IMPORTANT: To paste the data “safely” into MS Excel, you can use Paste Special, then select ONLY text option.

The processed data will now be look like what you can see at the following link: http://www.php-developer.org/wp-content/uploads/tutorials/filledindatalinkreltemplate.jpg

Now select all of the resulting link rel canonical script in Column F (all rows which are not empty — if you have 53 URLs, then there are 53 rows to be selected). Copy and paste it to a text editor such as notepad. It will then be look like this (please unchecked the wrap text option in notepad): http://www.php-developer.org/wp-content/uploads/tutorials/pastedatnotepadscreenshot.jpg

The sixth step is complete.

The last and the most important step is to finally paste the link rel canonical script created in the sixth step to the Blogger template source code below the front page link rel canonical tag:

<b:if cond=’data:blog.url == &quot;http://webdevelopmentexperts.blogspot.com/&quot;’><link href=’http://www.php-developer.org/’ rel=’canonical’/></b:if>

Paste in the remaining link rel canonical script for the Blogger post URLs pointing to the new domain URLs. After pasting this, it should now look like this:

Finally, hit “Save Template.” And now, using a browser, open any of your Blogspot post URLs, and then view the source code. It should contain a specific link rel canonical tag in the <head> tag that contains that specific Blogger post URL pointing to the equivalent post URL in another domain using a different host.

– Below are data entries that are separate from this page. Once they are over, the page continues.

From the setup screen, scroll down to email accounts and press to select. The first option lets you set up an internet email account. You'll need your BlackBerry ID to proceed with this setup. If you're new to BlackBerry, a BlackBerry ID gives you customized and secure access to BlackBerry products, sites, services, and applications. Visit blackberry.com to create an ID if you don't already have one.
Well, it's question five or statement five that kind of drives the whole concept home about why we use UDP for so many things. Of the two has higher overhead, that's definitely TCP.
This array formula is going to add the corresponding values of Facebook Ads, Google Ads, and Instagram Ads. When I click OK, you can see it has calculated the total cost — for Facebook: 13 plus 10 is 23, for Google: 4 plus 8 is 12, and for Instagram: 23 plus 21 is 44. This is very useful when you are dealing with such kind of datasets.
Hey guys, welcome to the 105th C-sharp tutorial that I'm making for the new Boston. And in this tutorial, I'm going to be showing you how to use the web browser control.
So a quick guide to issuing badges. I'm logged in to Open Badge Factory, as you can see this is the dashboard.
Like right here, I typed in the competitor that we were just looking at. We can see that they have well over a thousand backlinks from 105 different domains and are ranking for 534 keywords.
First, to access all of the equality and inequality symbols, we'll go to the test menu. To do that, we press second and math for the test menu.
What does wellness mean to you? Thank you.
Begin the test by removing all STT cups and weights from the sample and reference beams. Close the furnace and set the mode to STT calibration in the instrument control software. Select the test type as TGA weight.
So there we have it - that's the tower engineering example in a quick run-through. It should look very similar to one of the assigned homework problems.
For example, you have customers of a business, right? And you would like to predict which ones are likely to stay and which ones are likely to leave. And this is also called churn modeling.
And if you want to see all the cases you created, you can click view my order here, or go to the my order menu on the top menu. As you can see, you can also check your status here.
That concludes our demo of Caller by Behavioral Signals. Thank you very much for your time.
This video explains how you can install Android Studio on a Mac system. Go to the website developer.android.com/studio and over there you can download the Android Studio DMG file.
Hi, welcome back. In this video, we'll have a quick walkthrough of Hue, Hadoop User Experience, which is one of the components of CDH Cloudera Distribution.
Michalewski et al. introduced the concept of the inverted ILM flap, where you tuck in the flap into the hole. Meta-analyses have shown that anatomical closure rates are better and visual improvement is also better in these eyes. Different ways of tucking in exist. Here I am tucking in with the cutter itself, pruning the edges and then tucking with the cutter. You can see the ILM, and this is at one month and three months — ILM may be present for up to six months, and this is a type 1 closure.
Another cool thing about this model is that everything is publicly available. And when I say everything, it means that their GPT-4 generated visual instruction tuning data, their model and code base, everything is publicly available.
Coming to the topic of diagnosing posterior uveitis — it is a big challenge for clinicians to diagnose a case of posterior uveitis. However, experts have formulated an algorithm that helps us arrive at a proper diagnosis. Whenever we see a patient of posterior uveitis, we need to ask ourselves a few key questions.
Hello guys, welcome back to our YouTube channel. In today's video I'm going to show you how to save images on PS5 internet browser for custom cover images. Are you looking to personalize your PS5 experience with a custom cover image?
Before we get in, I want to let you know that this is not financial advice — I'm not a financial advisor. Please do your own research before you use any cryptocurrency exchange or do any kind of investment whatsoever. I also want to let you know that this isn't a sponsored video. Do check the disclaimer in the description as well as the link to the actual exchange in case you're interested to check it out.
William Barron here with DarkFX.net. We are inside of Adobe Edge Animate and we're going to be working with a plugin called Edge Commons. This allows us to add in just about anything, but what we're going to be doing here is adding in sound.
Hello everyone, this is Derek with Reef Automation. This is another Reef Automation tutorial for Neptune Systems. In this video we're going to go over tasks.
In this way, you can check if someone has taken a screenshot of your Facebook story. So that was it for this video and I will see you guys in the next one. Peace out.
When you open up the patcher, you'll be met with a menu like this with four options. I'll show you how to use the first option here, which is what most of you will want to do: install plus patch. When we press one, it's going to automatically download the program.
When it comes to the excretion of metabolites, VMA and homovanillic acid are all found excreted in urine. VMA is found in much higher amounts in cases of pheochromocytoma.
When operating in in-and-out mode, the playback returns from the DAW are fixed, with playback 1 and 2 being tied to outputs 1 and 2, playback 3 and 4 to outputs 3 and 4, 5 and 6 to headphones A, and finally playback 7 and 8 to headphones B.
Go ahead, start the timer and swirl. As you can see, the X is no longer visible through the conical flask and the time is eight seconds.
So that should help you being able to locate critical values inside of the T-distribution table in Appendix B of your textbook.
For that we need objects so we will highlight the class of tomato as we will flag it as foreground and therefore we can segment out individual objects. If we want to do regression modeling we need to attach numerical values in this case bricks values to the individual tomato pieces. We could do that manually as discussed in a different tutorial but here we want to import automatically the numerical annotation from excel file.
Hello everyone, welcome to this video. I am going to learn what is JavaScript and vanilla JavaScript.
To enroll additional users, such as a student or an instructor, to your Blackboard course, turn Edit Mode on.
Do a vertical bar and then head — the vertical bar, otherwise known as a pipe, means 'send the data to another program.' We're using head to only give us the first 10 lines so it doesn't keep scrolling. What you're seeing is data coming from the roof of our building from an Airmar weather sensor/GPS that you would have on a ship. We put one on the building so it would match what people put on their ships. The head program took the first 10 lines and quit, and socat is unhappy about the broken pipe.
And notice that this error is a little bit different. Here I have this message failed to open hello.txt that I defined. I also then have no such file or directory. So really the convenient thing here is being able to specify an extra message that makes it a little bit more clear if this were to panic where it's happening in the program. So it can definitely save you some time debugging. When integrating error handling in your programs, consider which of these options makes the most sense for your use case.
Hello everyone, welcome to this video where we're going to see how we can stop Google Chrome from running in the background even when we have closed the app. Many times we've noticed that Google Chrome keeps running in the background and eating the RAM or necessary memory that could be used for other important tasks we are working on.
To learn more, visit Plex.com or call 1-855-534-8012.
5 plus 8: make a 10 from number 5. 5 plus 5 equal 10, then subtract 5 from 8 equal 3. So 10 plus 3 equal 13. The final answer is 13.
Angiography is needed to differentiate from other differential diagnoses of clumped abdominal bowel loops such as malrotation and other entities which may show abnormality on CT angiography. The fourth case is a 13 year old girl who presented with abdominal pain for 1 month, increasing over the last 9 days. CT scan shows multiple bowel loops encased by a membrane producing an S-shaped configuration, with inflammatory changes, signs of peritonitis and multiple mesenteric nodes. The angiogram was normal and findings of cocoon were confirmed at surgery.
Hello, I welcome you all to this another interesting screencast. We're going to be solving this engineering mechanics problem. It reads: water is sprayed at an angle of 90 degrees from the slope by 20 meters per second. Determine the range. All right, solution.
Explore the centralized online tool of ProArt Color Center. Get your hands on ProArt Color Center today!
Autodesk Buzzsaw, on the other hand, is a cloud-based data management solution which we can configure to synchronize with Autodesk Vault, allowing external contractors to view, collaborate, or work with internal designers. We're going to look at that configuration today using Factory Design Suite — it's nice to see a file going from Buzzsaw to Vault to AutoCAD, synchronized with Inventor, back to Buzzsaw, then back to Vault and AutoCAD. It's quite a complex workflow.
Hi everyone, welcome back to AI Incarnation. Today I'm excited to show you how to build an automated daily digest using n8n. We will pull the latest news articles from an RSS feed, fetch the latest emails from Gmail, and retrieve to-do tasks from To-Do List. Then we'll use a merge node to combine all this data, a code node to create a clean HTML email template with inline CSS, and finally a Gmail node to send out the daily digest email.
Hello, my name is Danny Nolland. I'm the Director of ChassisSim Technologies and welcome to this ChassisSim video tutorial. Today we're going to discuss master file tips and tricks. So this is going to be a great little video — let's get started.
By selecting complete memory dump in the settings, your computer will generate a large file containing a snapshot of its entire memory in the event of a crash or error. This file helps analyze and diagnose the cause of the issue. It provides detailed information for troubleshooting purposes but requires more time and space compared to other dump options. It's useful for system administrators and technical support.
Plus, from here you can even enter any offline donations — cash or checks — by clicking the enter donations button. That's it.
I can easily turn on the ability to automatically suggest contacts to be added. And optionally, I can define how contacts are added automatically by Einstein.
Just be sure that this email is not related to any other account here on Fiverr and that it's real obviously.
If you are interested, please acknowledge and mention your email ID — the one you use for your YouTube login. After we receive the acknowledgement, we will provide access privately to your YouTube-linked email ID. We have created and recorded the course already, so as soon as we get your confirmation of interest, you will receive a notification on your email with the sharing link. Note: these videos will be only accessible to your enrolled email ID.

It will take at most three to six months for Google and other search engines to mature the transferring of page and link properties to the new domain. You will then notice that the new domain will replace the previously ranking Blogspot URLs.

Of course, if you need to update your blog, such as by adding content, you should update your new domain and never touch the Blogger-hosted blogs. Below is what you should do:

a. Do not delete your Blogger-hosted blogs.

b. Do not update your Blogger-hosted blogs anymore; instead, update your new website.

c. Do not worry about contacting your partners to change their links. The link rel canonical tag will do everything to transfer the link properties to your new domain.